## WHAT THIS TASK INVOLVES
Look through the data below for the line with "commencal 27.5", and transcribe it exactly together with each line after it up to and including the line with "Treeca Pull-On Pants, Alternate, color, LIGHT". Give nothing else.
LISTED ENTRIES START
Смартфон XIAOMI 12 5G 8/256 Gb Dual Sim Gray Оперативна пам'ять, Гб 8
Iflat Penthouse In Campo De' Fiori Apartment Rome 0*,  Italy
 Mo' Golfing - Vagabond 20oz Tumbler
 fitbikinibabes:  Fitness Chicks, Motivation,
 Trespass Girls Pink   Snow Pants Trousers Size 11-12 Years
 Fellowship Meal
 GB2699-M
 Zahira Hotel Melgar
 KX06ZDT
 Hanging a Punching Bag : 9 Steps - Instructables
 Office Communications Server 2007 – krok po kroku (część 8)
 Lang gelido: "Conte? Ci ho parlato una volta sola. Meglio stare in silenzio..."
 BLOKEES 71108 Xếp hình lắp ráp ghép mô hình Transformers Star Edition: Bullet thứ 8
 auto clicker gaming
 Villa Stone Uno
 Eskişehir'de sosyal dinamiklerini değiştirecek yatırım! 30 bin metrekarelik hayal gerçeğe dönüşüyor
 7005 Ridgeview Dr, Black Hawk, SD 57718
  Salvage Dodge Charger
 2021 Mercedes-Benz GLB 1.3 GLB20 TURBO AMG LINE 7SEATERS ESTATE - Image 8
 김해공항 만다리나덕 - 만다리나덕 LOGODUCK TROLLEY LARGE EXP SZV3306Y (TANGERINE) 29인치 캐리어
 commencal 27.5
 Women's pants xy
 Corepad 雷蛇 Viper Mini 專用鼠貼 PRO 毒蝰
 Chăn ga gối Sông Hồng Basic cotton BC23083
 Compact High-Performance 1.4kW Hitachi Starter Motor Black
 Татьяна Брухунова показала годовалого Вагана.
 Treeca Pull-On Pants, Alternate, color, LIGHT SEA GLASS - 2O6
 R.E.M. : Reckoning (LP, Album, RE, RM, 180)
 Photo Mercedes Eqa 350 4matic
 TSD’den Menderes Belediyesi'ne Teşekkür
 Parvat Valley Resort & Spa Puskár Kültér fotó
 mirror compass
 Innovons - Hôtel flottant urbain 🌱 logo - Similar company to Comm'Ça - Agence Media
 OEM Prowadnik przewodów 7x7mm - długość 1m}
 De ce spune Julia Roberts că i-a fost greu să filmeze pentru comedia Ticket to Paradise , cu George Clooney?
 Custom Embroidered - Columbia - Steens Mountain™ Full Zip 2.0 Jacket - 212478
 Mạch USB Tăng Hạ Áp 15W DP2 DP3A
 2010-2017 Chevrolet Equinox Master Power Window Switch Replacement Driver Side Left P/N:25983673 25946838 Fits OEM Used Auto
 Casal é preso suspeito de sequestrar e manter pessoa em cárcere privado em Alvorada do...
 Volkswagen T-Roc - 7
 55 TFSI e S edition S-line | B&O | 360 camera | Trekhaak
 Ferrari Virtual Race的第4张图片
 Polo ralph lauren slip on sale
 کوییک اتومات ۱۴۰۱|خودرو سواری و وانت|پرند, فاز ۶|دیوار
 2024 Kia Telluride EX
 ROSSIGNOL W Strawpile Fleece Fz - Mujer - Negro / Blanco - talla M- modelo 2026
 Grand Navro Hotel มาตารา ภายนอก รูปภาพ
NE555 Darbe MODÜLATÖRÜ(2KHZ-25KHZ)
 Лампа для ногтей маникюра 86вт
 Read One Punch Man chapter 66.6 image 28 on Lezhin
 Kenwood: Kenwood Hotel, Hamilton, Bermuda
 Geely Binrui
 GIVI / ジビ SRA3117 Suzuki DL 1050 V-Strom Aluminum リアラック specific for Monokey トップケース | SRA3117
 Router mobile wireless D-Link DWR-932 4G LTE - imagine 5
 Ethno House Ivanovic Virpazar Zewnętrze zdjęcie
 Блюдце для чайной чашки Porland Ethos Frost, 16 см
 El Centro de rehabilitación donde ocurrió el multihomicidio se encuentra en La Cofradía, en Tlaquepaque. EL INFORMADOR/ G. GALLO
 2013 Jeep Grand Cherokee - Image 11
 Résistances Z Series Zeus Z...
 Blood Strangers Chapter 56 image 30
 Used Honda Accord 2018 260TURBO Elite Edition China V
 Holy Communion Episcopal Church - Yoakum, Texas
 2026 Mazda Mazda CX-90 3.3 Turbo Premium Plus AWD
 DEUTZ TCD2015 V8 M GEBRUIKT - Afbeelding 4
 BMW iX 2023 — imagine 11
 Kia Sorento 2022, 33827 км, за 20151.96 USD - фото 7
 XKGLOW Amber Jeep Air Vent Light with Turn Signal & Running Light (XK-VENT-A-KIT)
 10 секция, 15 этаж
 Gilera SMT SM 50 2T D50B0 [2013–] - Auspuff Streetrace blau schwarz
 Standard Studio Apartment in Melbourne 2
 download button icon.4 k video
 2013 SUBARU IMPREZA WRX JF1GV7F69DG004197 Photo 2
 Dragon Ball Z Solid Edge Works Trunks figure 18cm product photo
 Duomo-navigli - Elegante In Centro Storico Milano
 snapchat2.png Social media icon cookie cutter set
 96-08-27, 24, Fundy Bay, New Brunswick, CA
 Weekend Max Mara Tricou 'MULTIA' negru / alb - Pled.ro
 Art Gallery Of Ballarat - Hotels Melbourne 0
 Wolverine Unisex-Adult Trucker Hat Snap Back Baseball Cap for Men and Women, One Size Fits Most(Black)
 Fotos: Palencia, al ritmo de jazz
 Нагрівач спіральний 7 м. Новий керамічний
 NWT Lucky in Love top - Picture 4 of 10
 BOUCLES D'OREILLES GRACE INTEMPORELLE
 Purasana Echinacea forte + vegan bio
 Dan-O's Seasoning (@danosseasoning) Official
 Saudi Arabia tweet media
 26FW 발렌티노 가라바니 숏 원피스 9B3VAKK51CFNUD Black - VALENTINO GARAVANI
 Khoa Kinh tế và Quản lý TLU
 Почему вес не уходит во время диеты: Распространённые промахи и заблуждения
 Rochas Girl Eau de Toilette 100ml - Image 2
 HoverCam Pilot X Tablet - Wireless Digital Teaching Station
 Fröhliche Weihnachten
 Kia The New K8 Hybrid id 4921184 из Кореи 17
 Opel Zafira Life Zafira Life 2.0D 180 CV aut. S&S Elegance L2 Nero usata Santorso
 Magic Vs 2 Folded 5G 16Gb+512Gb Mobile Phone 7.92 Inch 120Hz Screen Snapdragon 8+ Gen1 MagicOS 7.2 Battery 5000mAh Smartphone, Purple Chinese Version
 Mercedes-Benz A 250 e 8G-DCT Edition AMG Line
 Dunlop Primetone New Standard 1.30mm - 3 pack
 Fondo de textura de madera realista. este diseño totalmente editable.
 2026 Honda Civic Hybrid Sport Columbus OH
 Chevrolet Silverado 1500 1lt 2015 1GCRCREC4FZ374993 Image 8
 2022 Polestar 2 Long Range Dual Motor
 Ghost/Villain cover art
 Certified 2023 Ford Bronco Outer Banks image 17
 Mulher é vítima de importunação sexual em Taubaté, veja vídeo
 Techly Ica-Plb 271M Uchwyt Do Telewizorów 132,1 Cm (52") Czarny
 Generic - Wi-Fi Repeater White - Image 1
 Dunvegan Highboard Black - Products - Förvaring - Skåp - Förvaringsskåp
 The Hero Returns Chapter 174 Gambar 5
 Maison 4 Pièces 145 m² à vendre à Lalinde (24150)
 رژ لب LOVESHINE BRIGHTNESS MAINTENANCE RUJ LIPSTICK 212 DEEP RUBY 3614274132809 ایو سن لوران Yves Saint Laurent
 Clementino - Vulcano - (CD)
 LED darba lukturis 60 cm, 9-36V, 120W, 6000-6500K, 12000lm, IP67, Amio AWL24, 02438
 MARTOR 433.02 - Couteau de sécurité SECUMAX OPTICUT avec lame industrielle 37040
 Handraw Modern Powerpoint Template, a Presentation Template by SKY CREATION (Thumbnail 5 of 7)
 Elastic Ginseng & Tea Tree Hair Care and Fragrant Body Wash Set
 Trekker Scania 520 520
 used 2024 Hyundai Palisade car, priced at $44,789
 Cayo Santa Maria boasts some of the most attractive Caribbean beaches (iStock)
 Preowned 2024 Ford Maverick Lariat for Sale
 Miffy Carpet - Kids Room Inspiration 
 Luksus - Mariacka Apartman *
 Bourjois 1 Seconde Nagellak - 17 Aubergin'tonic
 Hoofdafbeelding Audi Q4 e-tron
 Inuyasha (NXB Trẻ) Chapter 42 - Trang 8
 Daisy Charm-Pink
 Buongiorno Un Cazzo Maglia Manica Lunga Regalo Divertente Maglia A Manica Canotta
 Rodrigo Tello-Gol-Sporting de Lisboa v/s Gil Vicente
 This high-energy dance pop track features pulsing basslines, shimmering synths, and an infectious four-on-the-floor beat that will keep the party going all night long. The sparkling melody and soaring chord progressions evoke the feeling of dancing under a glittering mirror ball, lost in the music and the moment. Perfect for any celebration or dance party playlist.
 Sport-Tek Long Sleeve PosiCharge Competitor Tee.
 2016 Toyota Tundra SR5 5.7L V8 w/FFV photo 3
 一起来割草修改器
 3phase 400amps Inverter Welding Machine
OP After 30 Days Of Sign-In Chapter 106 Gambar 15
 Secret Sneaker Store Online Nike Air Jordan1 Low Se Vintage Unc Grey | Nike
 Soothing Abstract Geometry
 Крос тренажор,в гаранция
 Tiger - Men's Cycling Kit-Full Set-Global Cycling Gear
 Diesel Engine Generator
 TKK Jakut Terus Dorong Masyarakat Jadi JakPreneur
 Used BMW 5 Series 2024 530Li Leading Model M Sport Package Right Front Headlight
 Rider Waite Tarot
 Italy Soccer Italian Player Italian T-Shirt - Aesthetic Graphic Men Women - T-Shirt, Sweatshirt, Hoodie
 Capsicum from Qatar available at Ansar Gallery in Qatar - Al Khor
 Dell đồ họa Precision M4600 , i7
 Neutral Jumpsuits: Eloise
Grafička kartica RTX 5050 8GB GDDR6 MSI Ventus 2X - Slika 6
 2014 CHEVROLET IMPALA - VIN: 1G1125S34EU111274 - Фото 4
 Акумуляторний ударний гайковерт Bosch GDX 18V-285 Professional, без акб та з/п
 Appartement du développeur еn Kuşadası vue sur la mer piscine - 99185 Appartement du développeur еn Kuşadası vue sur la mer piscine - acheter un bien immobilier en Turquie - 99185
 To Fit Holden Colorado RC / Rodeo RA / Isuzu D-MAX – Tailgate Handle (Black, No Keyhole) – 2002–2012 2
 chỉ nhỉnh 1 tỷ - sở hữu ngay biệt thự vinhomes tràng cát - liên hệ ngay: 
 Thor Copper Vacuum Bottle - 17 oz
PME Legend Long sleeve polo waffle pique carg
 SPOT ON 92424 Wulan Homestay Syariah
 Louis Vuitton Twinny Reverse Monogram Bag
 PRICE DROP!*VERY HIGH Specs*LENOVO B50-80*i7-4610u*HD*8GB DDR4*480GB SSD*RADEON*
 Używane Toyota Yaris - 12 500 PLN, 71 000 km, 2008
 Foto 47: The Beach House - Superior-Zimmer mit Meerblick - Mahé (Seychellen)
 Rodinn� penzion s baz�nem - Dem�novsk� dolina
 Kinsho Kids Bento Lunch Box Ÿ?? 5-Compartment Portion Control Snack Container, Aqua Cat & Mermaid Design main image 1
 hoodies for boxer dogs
LISTED ENTRIES END
## TASK ANSWER
 commencal 27.5
 Women's pants xy
 Corepad 雷蛇 Viper Mini 專用鼠貼 PRO 毒蝰
 Chăn ga gối Sông Hồng Basic cotton BC23083
 Compact High-Performance 1.4kW Hitachi Starter Motor Black
 Татьяна Брухунова показала годовалого Вагана.
 Treeca Pull-On Pants, Alternate, color, LIGHT SEA GLASS - 2O6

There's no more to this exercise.